* _RECORDS SHOWN_:
_ _ _

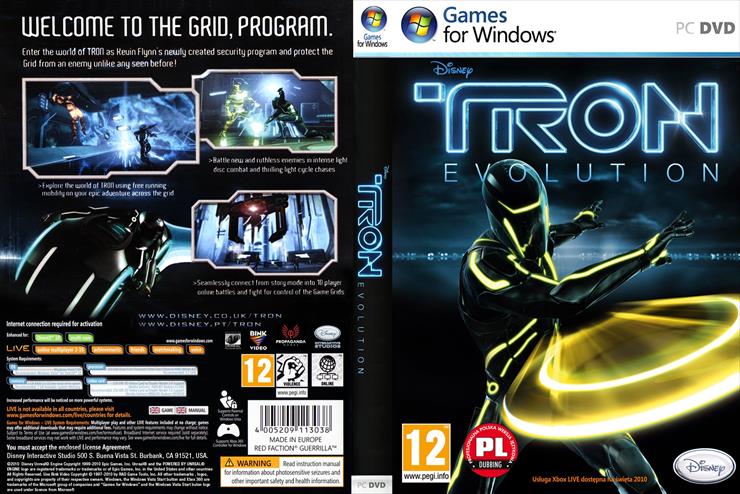 Okładki Gier - tron_evolution_2010_custom_dvd-front.jpg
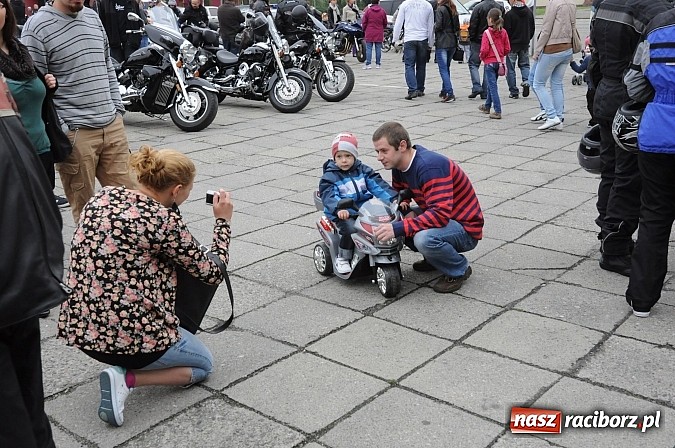 Zdjęcie w galerii na portalu naszraciborz.pl: Sezon 2013 otwarty, czyli doroczna raciborska parada motocyklistów wiadomości z regionu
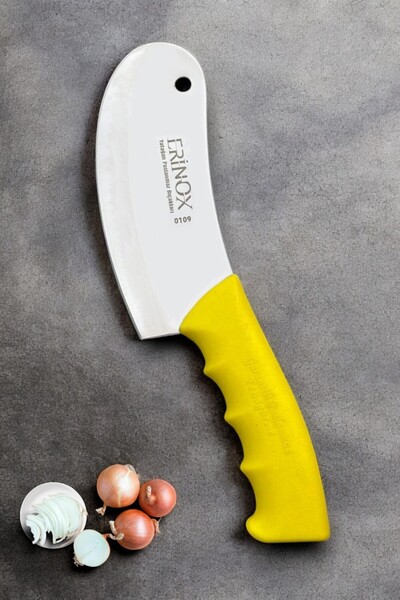 ERİNOX Soğan Satırı / Salata Bıçağı 27 Cm 0 No Kişileştirilebilir Yatağan Bıç...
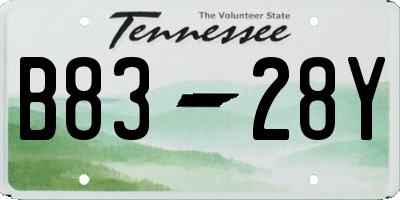 TN license plate B8328Y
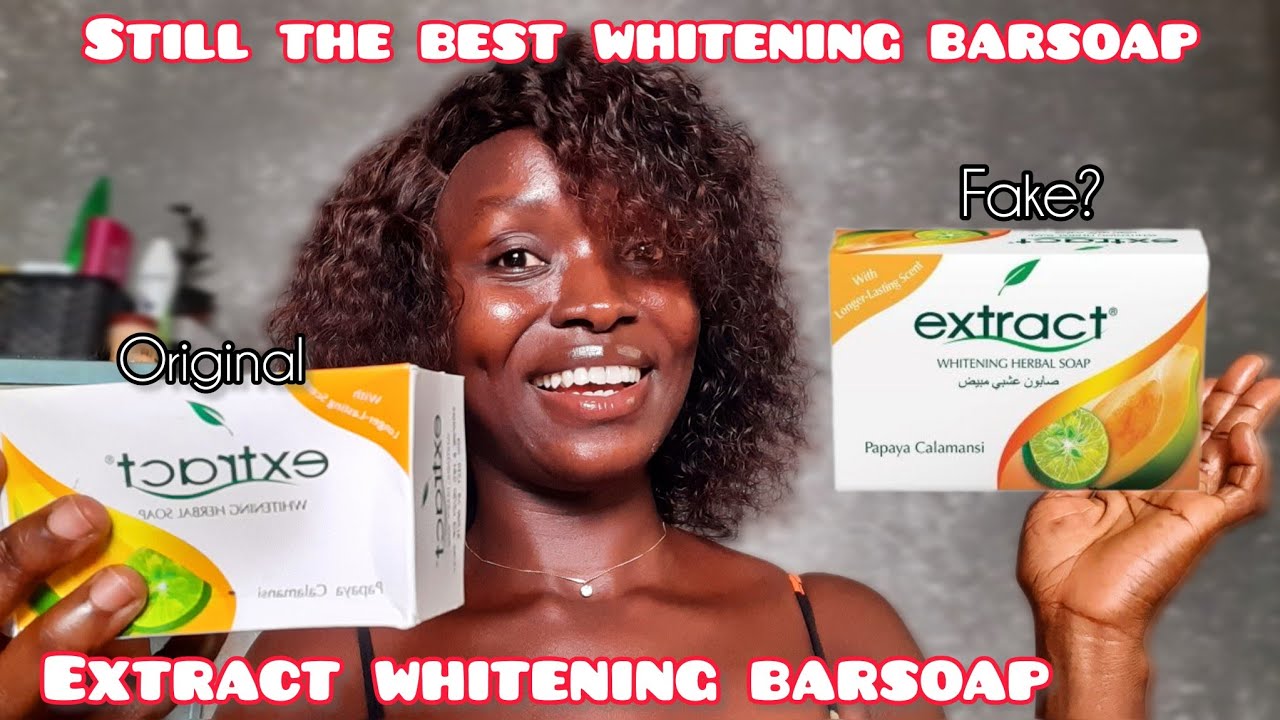 The Best skin Whitening Barsoap! Extract Soap Review...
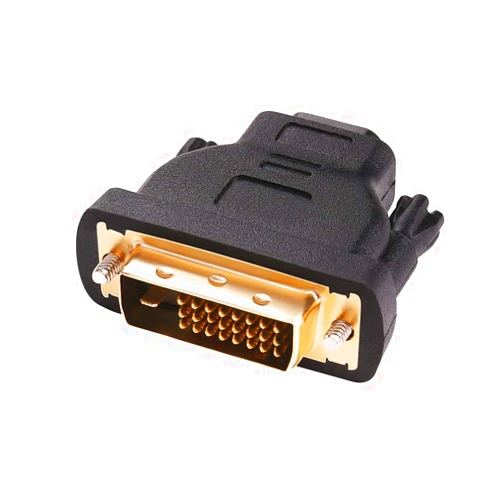 DTech DVI to HDMI Adapter DVI Male to HDMI Female Bi-Directional DVI-D Port Converter 4K 1080P Gold Plated Connector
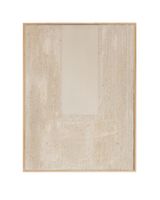 cuadro decorativo pintado a mano al oleo con marco blanco 80x100cm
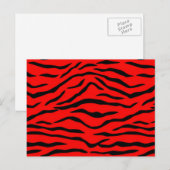 Red Tiger Pattern Postkarte (Vorne/Hinten)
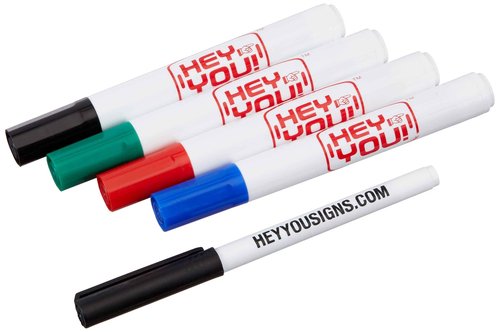 HEY YOU! SIGNS WWW.HEYYOUSIGNS.COM Portable Dry Erase Board Kit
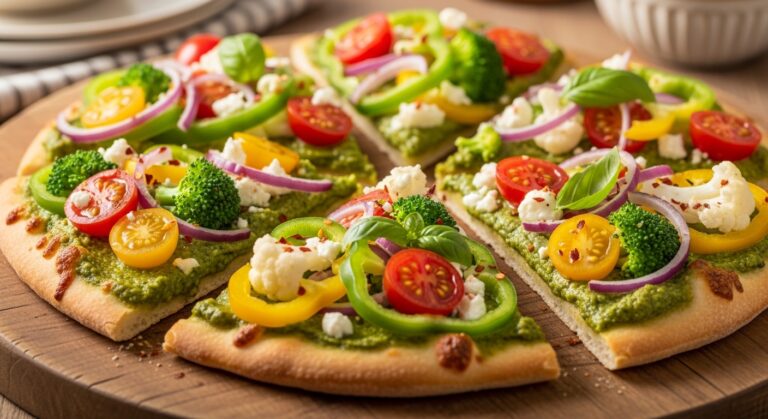 Pesto Veggie Pizza: A Fresh, Flavorful Twist on Classic Italian Comfort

_ _ _

* _EXERCISE DESCRIPTION_:
Repeat word for word the lines beginning at the one with "TN license plate B8328Y" and ending at the final line of the records above, both included, and no others. Leave the pictures out.

* _EXERCISE OUTPUT_:
 TN license plate B8328Y
 The Best skin Whitening Barsoap! Extract Soap Review...
 DTech DVI to HDMI Adapter DVI Male to HDMI Female Bi-Directional DVI-D Port Converter 4K 1080P Gold Plated Connector
 cuadro decorativo pintado a mano al oleo con marco blanco 80x100cm
 Red Tiger Pattern Postkarte (Vorne/Hinten)
 HEY YOU! SIGNS WWW.HEYYOUSIGNS.COM Portable Dry Erase Board Kit
 Pesto Veggie Pizza: A Fresh, Flavorful Twist on Classic Italian Comfort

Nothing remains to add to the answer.